SWP-Studie 2001/S 39, 15.11.2001, 48 Seiten Forschungsgebiete

Die Schaffung der Voraussetzungen für die militärische Einsatzführung stellt eine zentrale Herausforderung für die angestrebten militärischen Fähigkeiten und Handlungsmöglichkeiten der EU dar. Der Europäische Rat hat hierzu entschieden, auf nationale oder multinationale Hauptquartiere und Stäbe der EU- Nationen oder auf entsprechende Kapazitäten der NATO zurückzugreifen.

Die Studie untersucht den Bedarf an Führungsstrukturen auf der militärstrategischen, operativen und taktischen Ebene, den Stand der in Betracht kommenden Führungskapazitäten nach ihrer Verfügbarkeit, Eignung und Multinationalität, die Vor- und Nachteile einer "eigenen" permanenten EU-Kommandostruktur und die Frage des nationalen Einflusses in alternativen Führungsmodellen.

Die Analyse zeigt, daß bei Rückgriff auf nationale und multinationale Kapazitäten das Erreichen der angestrebten autonomen strategischen Grundfähigkeit der EU für die militärische Einsatzführung unter herausfordernden Bedingungen bis zum Zieldatum 2003 derzeit nicht zu erwarten ist. Ohne ein kohärentes Konzept und klare Prioritäten ist angesichts begrenzter personeller, materieller, infrastruktureller und finanzieller Ressourcen absehbar, daß der operative Mindestbedarf der EU für autonome Einsätze nicht oder nicht zeitgerecht gedeckt wird.

Das Potential der NATO zur Unterstützung der militärischen Führungsfähigkeit der EU ist dem der EU-Nationen überlegen.
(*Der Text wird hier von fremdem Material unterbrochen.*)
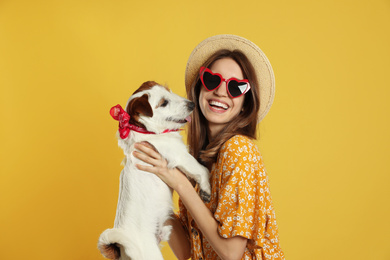 Young woman with her cute Jack Russell Terrier on yellow background. Lovely pet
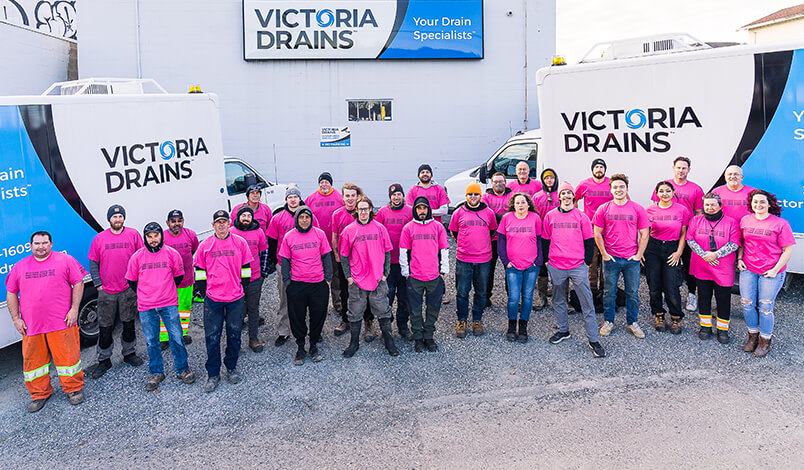 Staff of Victoria Drains wearing pink on Pink Shirt Day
Bei Rückgriff auf die NATO-Kommandostruktur und ihre kollektiven Mittel steigt die Fähigkeit der EU zur Führung von Operationen erheblich,vor allem im oberen Spektrum der Petersberg-Aufgaben.

Eine zeitkritische Verlegung von Führungsstrukturen der operativen und taktischen Ebene über große Entfernungen würde aber auch die NATO vor erhebliche Probleme stellen, solange die geplante Schaffung von verlegbaren landgestützen Fähigkeiten zur Führung teilstreitkraftübergreifender Operationen im Sinne des Combined Joint Task Force (CJTF)-Konzepts und die Verbesserung der multinationalen Streitkräftestrukturen nicht verwirklicht sind.

Die NATO-Mitgliedstaaten müssen ihr Gipfelangebot von Washington von 1999 konkretisieren, damit eine umfassende Vereinbarung mit der EU über die militärische Zusammenarbeit zustande kommt, die auch die künftigen Unterstützungsmöglichkeiten der Allianz für EU- Einsätze identifiziert.

Die Analyse ergibt, daß eine eigene Kommandostruktur der EU dem derzeitigen Einigungspotential ihrer Mitgliedstaaten im Rahmen der ESVP und der Aufgabenabgrenzung zwischen NATO und EU nicht entspräche.Sie würde auch die ohnehin begrenzte Leistungsfähigkeit der EU-Mitgliedstaaten überfordern, zur Verzettelung der Kräfte und Mittel beitragen und die Herstellung der militärischen Führungsfähigkeit der Union nicht beschleunigen. Es liegt deshalb im Interesse der EU, ihre Anstrengungen auch in der Schlüsselfrage ihrer militärischen Führungsfähigkeit auf die Realisierung der vereinbarten Helsinki-Planziele und die Zusammenarbeit mit der NATO zu konzentrieren, ihre operativen Einsatzmöglichkeiten schrittweise weiterzuentwickeln und die dafür erforderlichen Mittel tatsächlich aufzubringen.